Nach dem Gottesdienst räumte Marcel alles auf, versorgte noch die Blumen am Altar und zog sich um. Pfarrer Kurz hatte sich auch schon umgezogen. "Na Marcel, alles klar bei dir?" "Ja, natürlich." "Du, ich wollte Dich doch als Geschenk zu Deinem 18. Geburtstag zum Essen einladen, das ist jetzt schon 3 Monate her und ich habe fast ein schlechtes Gewissen deswegen." "Ach, ne, komm, das ist nicht schlimm. Da finden wir bestimmt eine Gelegenheit!" "Wann hättest du denn Zeit?" "Ich kann mirs einrichten." "Heute?, oder hast du was vor?" "Ne, ich habe heute nix vor." "Dann lass uns zur Grillhütte am Fluss fahren, da sitzt man schön draußen und die haben für jeden etwas." "Jetzt gleich?" "Ja, warum nicht. Wir bleiben ja keine Ewigkeit weg."

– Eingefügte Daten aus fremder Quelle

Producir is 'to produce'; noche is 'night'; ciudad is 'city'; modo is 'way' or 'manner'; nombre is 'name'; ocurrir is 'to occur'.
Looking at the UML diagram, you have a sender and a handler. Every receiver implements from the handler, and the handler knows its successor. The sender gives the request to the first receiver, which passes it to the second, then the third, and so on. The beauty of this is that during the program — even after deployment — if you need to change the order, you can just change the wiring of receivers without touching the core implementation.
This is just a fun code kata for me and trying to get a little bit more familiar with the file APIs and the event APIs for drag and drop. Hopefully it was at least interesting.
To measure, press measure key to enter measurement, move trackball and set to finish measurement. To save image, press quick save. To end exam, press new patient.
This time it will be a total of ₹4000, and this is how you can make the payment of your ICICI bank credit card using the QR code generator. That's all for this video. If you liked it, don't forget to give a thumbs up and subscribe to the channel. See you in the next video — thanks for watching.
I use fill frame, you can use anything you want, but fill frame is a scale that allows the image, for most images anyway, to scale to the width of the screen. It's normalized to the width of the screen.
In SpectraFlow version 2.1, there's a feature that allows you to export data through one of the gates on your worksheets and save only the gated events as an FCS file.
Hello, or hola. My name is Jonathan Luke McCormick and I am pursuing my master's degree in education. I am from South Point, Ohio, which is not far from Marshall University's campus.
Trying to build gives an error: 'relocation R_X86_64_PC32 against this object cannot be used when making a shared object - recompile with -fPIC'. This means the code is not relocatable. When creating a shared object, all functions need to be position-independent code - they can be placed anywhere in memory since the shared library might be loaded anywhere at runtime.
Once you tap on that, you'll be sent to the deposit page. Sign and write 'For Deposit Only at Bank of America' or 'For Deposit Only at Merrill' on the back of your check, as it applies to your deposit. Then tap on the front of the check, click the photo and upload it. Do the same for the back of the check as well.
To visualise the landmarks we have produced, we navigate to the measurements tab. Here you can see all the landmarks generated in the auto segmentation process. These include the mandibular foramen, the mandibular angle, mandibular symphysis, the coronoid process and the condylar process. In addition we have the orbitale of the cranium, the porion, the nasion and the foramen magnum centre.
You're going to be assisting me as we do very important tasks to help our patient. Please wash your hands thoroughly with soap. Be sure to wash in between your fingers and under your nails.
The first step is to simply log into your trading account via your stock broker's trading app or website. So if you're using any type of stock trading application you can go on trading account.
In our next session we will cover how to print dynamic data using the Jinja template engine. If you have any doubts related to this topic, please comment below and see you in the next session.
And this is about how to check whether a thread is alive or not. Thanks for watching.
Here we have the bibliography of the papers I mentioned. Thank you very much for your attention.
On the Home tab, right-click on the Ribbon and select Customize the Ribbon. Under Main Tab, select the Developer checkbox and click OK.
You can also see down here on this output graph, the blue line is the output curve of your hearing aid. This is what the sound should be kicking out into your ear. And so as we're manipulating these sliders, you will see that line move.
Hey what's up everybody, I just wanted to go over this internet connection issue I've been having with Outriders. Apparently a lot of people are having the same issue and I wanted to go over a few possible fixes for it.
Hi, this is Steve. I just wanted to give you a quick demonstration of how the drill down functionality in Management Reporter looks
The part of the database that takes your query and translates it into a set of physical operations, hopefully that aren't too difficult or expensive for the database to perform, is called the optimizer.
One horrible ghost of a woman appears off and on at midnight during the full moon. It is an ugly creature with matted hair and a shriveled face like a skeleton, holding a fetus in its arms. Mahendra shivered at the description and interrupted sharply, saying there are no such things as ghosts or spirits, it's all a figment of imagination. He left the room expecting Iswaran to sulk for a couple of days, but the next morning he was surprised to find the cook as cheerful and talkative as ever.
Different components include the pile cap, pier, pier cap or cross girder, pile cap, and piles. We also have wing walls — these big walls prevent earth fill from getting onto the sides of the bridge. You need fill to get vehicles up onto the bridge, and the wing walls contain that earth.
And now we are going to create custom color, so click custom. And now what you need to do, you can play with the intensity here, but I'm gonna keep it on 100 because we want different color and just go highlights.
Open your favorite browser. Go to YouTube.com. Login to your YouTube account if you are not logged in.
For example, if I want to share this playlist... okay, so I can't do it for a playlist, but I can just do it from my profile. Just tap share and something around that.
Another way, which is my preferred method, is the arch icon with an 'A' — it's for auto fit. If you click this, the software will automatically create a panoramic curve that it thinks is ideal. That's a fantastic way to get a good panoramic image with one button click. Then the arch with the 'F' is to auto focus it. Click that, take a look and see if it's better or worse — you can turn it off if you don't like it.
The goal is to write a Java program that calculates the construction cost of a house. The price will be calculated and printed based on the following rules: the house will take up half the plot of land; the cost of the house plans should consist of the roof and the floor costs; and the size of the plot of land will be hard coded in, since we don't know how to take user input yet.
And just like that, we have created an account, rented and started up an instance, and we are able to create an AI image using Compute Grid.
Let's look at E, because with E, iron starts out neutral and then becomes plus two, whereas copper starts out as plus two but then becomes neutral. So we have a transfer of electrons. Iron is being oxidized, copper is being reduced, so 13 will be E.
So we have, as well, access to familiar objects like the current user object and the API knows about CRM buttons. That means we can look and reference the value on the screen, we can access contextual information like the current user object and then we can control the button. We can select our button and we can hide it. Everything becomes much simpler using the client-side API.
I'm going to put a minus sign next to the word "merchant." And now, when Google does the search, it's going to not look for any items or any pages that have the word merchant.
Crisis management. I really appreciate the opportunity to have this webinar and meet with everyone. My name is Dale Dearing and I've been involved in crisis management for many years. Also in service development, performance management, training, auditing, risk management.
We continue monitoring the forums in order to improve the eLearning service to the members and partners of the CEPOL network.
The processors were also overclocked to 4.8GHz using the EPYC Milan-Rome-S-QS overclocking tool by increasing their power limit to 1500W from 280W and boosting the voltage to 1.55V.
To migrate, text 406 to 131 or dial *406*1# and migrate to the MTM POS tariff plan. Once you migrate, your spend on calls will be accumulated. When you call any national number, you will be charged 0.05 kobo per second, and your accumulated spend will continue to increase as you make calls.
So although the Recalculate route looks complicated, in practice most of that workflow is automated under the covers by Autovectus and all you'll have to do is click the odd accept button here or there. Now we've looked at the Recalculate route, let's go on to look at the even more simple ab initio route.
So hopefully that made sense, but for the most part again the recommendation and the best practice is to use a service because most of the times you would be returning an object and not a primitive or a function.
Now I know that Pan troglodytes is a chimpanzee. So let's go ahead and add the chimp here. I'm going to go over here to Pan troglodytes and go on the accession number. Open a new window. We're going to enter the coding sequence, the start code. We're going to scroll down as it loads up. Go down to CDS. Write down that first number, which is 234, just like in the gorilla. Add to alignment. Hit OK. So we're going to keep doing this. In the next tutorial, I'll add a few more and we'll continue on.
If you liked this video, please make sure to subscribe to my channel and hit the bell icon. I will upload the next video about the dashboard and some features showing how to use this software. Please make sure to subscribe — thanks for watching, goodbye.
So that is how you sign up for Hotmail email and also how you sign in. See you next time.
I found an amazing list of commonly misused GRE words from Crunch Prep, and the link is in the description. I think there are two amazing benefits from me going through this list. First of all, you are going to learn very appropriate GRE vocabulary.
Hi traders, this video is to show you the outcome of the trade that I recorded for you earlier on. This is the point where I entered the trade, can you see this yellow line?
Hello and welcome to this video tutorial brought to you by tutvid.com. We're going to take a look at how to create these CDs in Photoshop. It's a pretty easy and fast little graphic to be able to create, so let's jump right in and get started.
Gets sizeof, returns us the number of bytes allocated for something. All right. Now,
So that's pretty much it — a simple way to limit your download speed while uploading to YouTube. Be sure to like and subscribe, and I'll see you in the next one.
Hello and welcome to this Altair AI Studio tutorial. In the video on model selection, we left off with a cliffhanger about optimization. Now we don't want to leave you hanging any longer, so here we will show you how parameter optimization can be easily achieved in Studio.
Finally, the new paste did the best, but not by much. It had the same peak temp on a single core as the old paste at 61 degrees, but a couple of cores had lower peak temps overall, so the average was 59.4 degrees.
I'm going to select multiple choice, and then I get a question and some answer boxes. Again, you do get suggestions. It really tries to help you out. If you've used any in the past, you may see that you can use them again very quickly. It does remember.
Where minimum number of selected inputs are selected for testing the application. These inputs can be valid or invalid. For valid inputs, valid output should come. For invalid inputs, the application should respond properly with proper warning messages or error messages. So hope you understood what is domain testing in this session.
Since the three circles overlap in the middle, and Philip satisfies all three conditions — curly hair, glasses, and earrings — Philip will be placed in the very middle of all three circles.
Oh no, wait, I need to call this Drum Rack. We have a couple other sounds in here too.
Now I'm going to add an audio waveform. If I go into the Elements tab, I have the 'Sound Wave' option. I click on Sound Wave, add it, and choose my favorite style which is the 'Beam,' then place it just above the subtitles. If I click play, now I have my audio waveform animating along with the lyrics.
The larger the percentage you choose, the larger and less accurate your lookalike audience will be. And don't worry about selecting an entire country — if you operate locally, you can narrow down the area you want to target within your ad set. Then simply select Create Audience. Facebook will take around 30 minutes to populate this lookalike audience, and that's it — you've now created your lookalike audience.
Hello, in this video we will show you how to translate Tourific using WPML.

Marcel schickte eine Nachricht an seine Eltern, dass er noch unterwegs ist und dann fuhr er mit dem Pfarrer, der sein Fahrrad geholt hat, zusammen los zur Grillhütte am Fluss, so hieß das Lokal, es war ein Restaurant mit etwas gehobener Qualität und vielen schönen Sitzgelegenheiten im Garten des Lokals. Thomas Kurz und er suchten sich zwei Vorspeisen aus, die sie dann auch tauschen wollten, und nahmen dann die Grillplatte für 2 Personen. Marcel hatte großen Hunger und freute sich, das sah man ihm auch an, er strahlte als sein Bier kam und prostete Thomas zu. "Sag mal Marcel, verstehe das nicht falsch, aber ich habe dich schon lange nicht mehr beim beichten gesehen, gehst du in eine andere Gemeinde dafür?" "Äh... äh.. hm... nein." "Ich würde das verstehen. Wenn man sich kennt, dann fällt es einem manchmal nicht mehr leicht zu beichten, man macht das lieber bei einem fremden Pfarrer, also keine falsche Scham!", Thomas lachte dabei und sah Marcel an. "Nein, nein ich beichte seit über einem Jahr nicht mehr. Die letzte Beichte war bei dir." "Empfindest du dich Beichte nicht mehr passend für dich?" "Ja und nein - ich finde manche Sachen muss ich mit mir selbst ausmachen." Thomas nickte. Die Vorspeise kam und sie aßen mit großem Appetit.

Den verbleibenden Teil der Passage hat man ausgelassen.